Thanks for any pointers on how to resolve this issue (or these issues).
John
-------- Forwarded Message --------
Subject: Re: Problem with latest version (master) of gr-osmosdr
Date: Sat, 24 Jun 2017 14:35:45 -0400
From: John Ackermann N8UR <jra(a)febo.com>
To: kerel <kerel-fs(a)gmx.de>
Here you go, Fabian. Thanks much for looking into this!
I have noticed this problem each time I've managed to get a successful
build-gnuradio completion on this system (e.g., after I commented out
the changes that made the build fail).
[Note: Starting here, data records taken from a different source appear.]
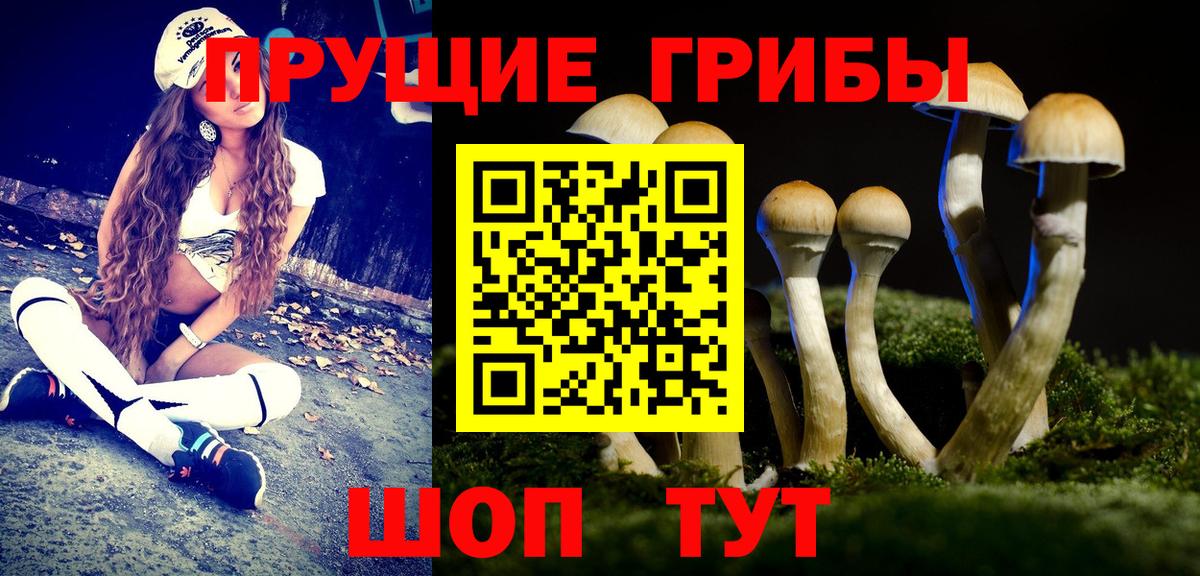 Галлюциногенные грибы GOLDEN TEACHER Свободный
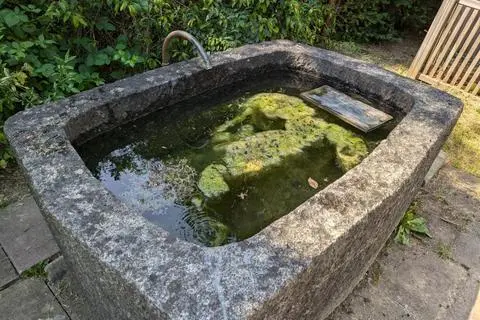 Eine andere Wasserstelle auf dem Wiesbadener Südfriedhof ist mit Algen belegt. Darauf tummeln sich Insekten. 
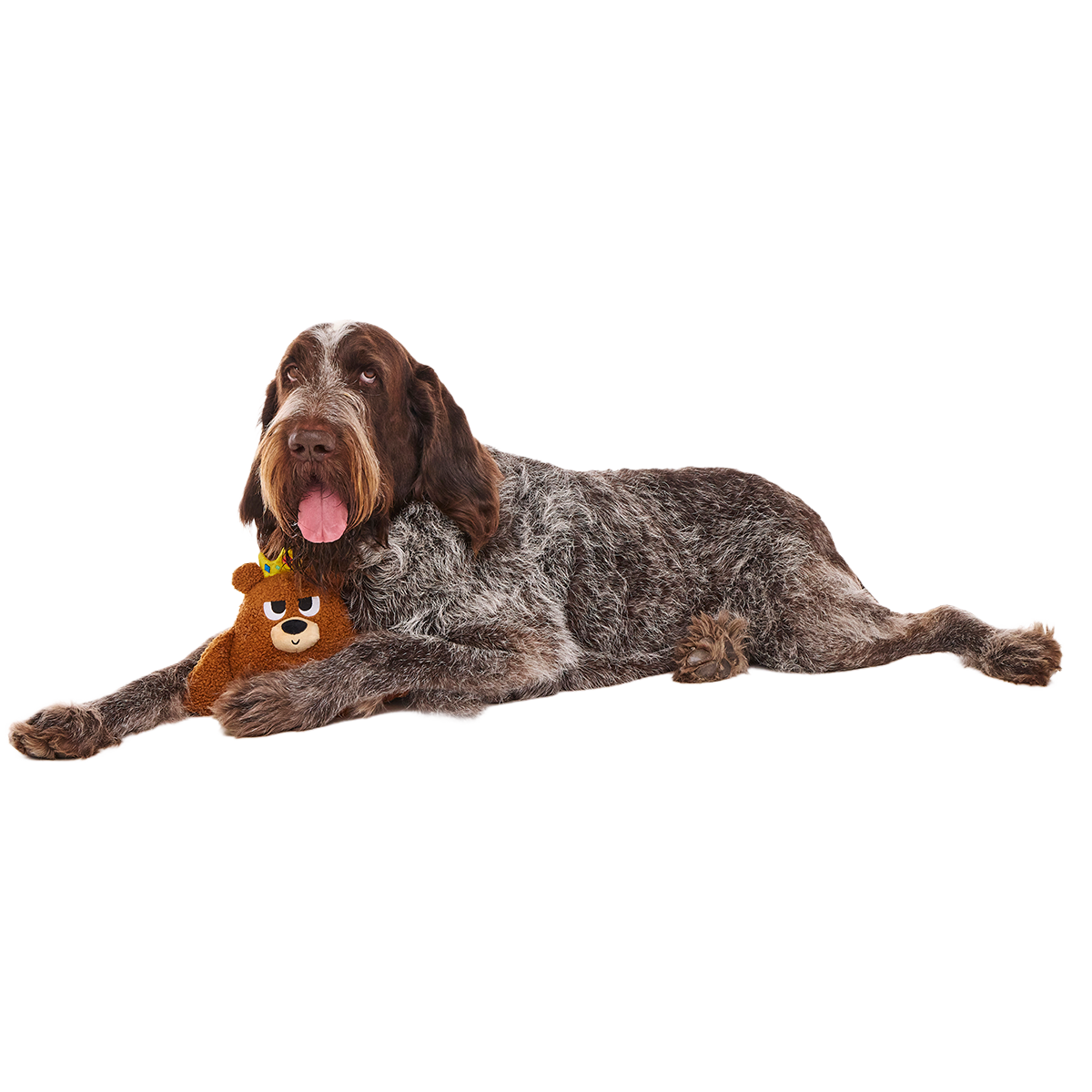 King Bearthur Plush Tug Dog Toy - Image 3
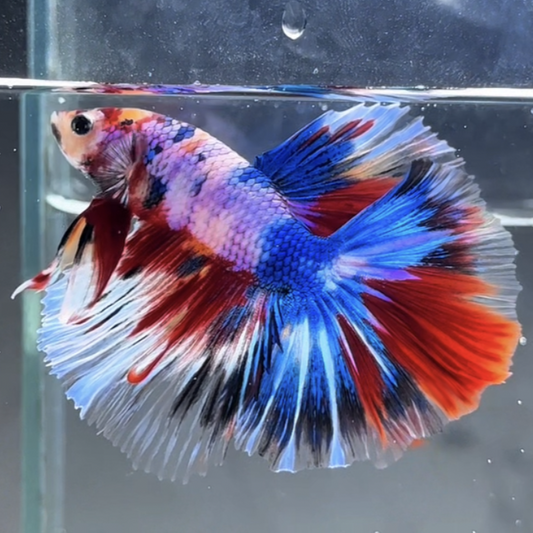 Halfmoon Betta Fish (Male) – Multicolor – Choose Your Exact Fish (WYSIWYG) – Set #1
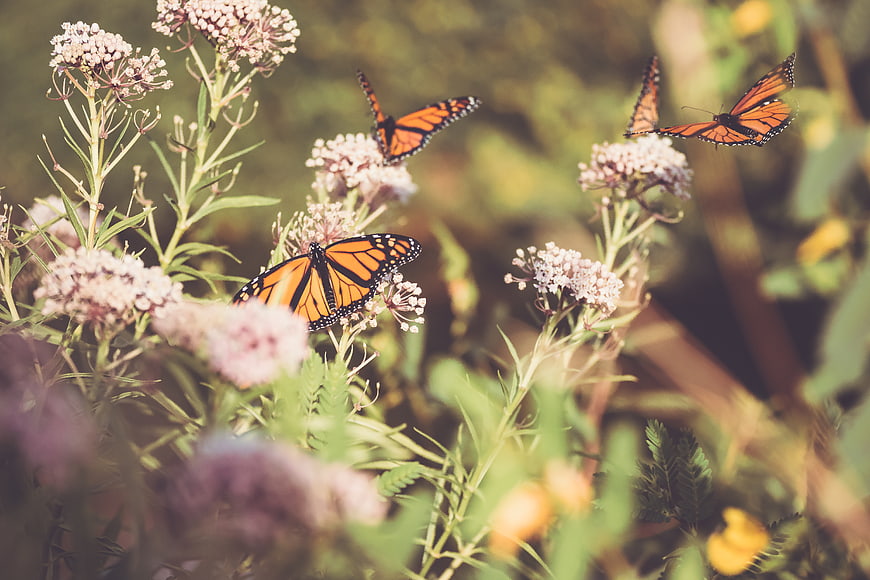 Monarch Butterflies on Pink Wildflowers in Summer Garden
I have another machine that was
updated using build-gnuradio perhaps three months ago, and it does not
exhibit this behavior.
One difference is that the other machine is running Linux Mint 18.0,
while the current one is on 18.1 (both "apt-get dist-upgraded" to
current levels at the time of the build).
John
----
On 06/24/2017 02:23 PM, kerel wrote:
> Hi John,
> this seems like an unrelated issue in gr-osmosdr, but I can't tackle it
> with the partial? backtrace you provided and can't reproduce it myself.
> Could you provide the full backtrace?